Figures from its market monitor suggest an increase of 5.6 per cent in the number of plans sold to 22,126, while the total value released edged up by three per cent to £1.68bn.
In contrast, over the whole of 2018 plan sales rose by 21 per cent and the value released by 19 per cent.
Once potential further advances of £706m on drawdown are taken into account, Key’s data suggested that the first six months recorded total borrowing of £2.38bn.
Average loans taken by customers also slipped in value by nearly £2,000 to £76,064 compared with the same period a year ago as the market stabilised in the face of continued political and economic uncertainty.

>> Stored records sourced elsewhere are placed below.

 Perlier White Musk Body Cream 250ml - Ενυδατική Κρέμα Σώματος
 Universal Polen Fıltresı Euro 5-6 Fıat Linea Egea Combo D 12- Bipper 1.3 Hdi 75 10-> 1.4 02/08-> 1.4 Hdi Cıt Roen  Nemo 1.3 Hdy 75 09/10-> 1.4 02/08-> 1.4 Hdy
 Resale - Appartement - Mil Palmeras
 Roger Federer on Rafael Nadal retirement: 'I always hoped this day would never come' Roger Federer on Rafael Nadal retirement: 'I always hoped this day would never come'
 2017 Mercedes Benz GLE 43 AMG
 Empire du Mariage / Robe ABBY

Key said this suggested that “the sector is reacting to current economic conditions seen across the property market and growth has slowed”.

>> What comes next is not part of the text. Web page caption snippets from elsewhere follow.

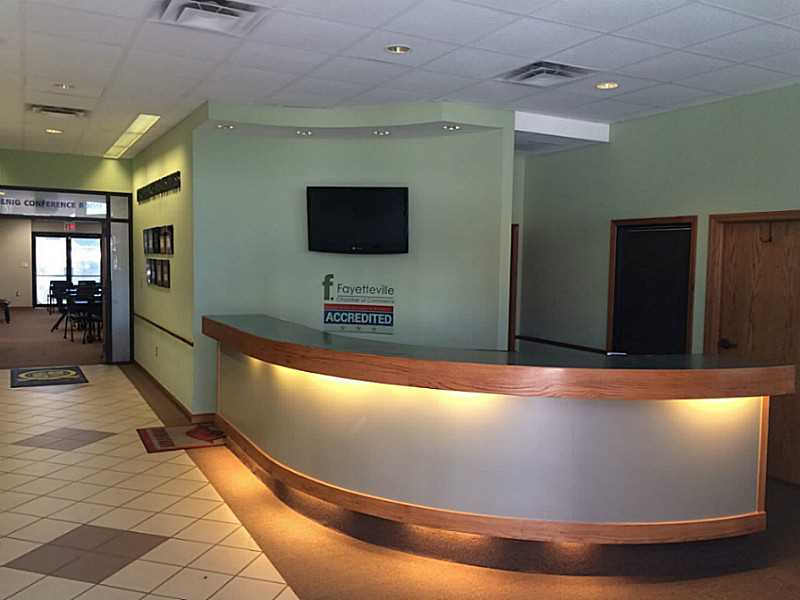 Fayetteville Original - Commercial Sale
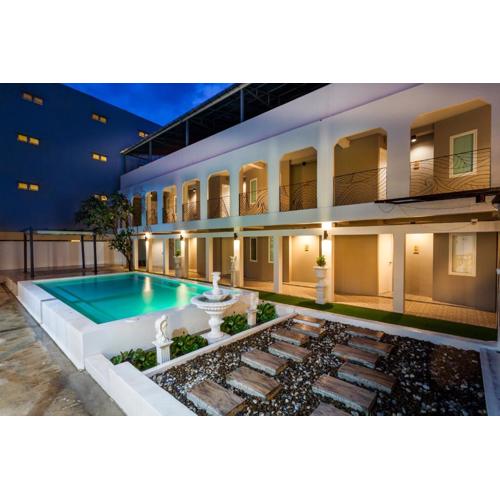 The Light House at Town Phuket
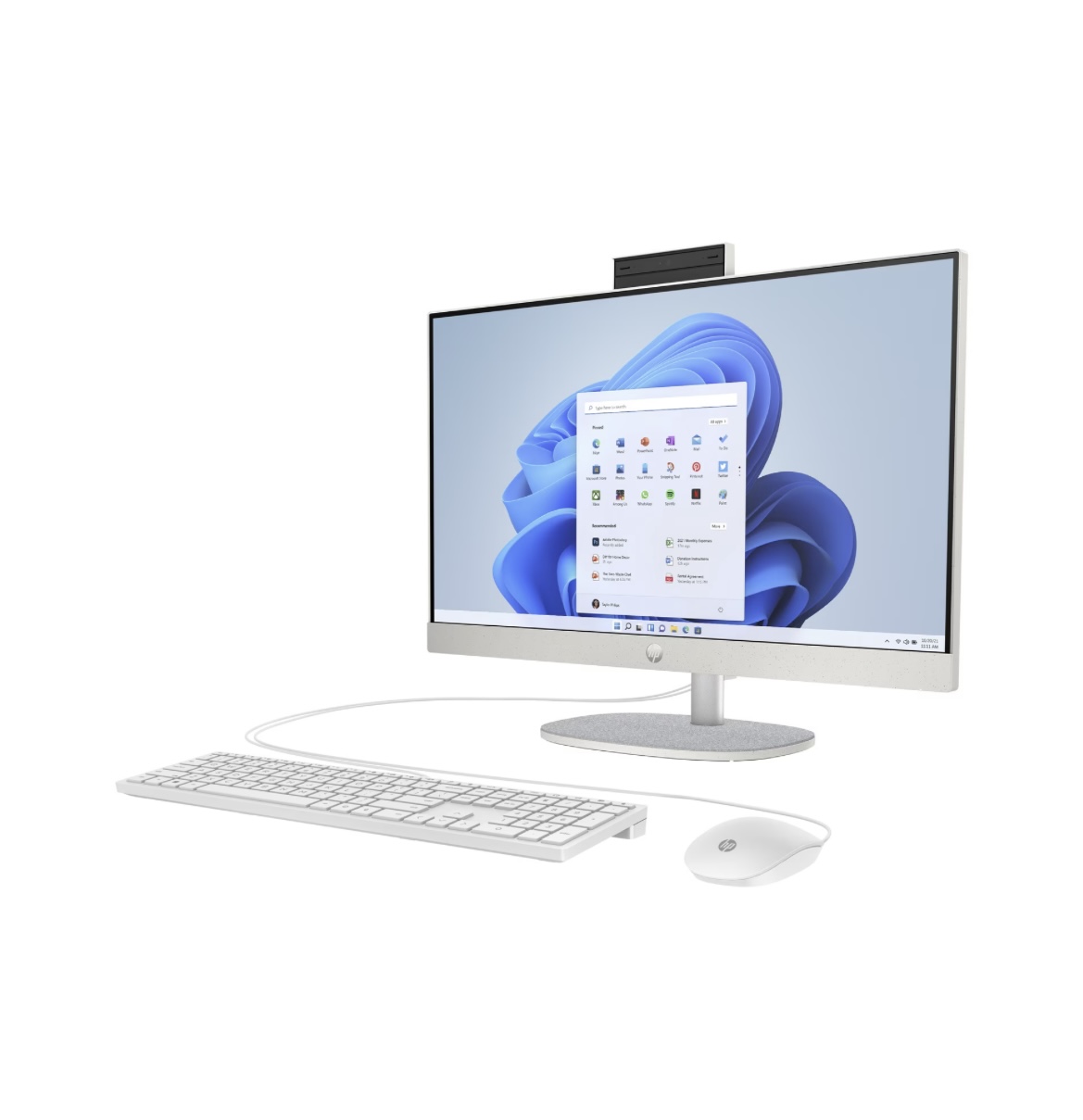 Ordinateur Bureautique All in One  - Vue détaillée 1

However, there was more positive sentiment from the period with new funders entering the market and historically low interest rates.
The biggest single use of property wealth remained home or garden improvements factoring into 64 per cent of transactions, while 28 per cent of borrowers made gifts to family typically to help with house purchases or weddings.

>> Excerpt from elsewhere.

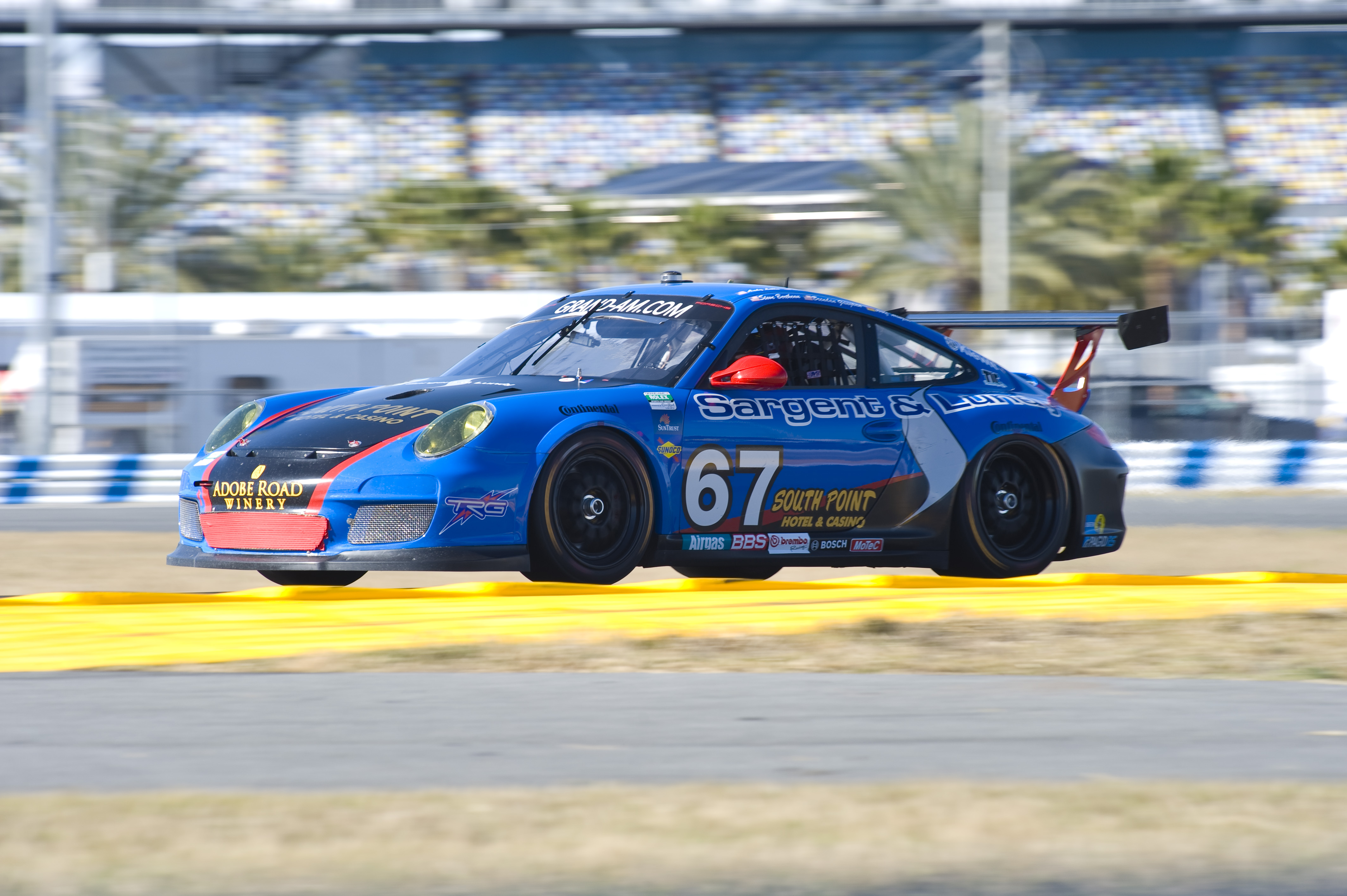 2011 Daytona 24 hour race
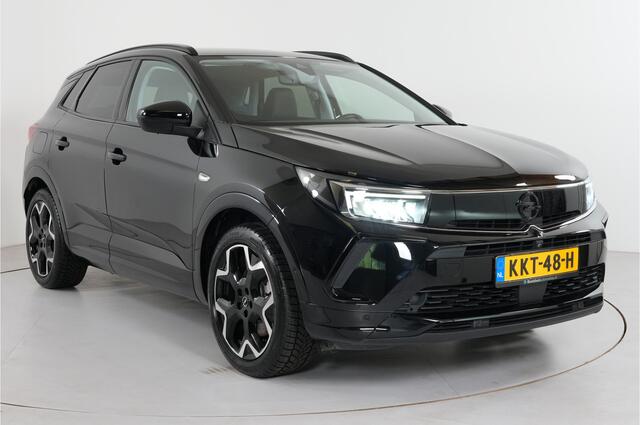 Opel Grandland 1.6 Turbo GS Line 225pk PHEV | | Trekhaak | Leder | 360° Cam | Stl. verw./verk. |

But up to half of all customers used equity release to repay debt – either in the form of mortgages (20 per cent) or unsecured debt (30 per cent) as people increasingly looked to housing equity to shore up their finances.
Subdued first half
Will Hale, CEO at Key, noted that against the backdrop of economic uncertainty, the equity release market had seen a subdued first half with slower growth than in recent years.
“While the key market drivers of low pension saving and substantial property wealth remain, the over-55s are taking a cautious approach to accessing the value tied up in bricks and mortar at the moment but as confidence returns we do expect the market to pick up,” he said.
“That said, the market is benefiting from the arrival of new sources of funding which is helping to keep rates at historic lows and to drive the launch of various new products.
“Consequently, we have seen an increase in the number of customers remortgaging to benefit from lower rates or the opportunity to release additional equity due to house price rises or the higher loan to values (LTV) that are now available.”